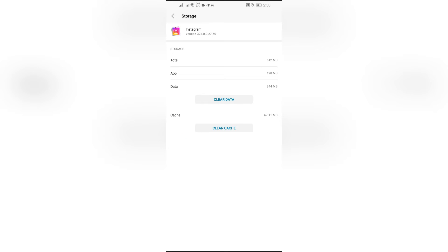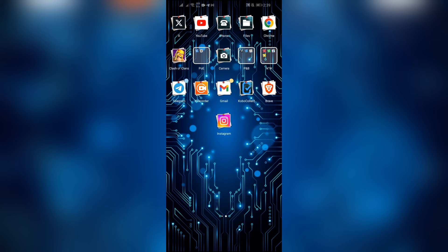Now click on the clear cache option and your Instagram app cache will be cleared. After that, your Instagram video calling will be clear as ever and will start to work properly.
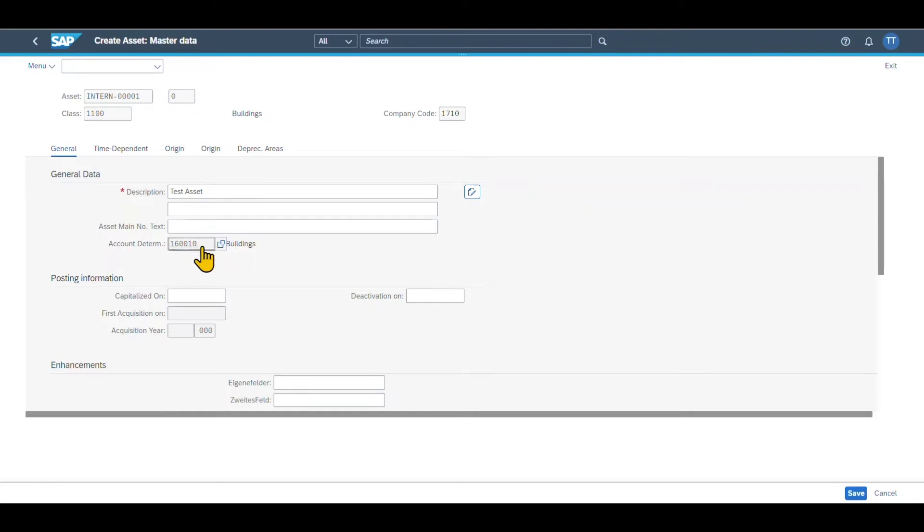So as you know, when we post to an asset, this is done in the subledger for asset accounting. However, we need to transfer those values via the reconciliation account to the general ledger. So this is why we need the account determination over here. Then you can see some posting information.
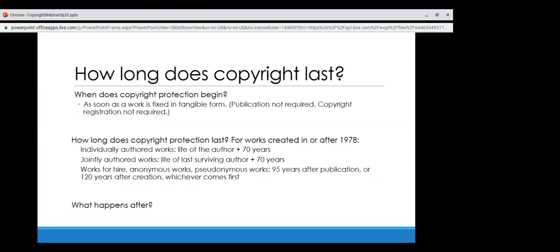As the Constitution says, it's a limited time. Copyright protection begins as soon as the work is fixed in a tangible form — neither publication nor copyright registration are required for work to be copyrighted. For works created in 1978 or after, copyright for individually authored works lasts for the life of the author plus another 70 years. For jointly authored works, it's the last surviving author plus 70 years. For works for hire, anonymous works, and pseudonymous works, it's 95 years after publication or 120 years after creation, whichever comes first.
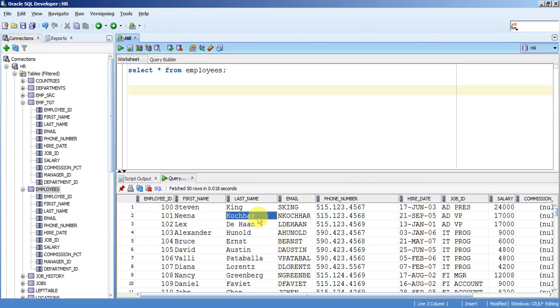So assume that we have some transactions which are stored in one table wherein we need to fetch the latest record, latest transaction done by any employee, any customer.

☆ ☆ ☆ ☆ ☆

### Task statement
Restate the data above word for word. Do not include the images.

### Answer to this task
Now click on the clear cache option and your Instagram app cache will be cleared. After that, your Instagram video calling will be clear as ever and will start to work properly.
So as you know, when we post to an asset, this is done in the subledger for asset accounting. However, we need to transfer those values via the reconciliation account to the general ledger. So this is why we need the account determination over here. Then you can see some posting information.
As the Constitution says, it's a limited time. Copyright protection begins as soon as the work is fixed in a tangible form — neither publication nor copyright registration are required for work to be copyrighted. For works created in 1978 or after, copyright for individually authored works lasts for the life of the author plus another 70 years. For jointly authored works, it's the last surviving author plus 70 years. For works for hire, anonymous works, and pseudonymous works, it's 95 years after publication or 120 years after creation, whichever comes first.
So assume that we have some transactions which are stored in one table wherein we need to fetch the latest record, latest transaction done by any employee, any customer.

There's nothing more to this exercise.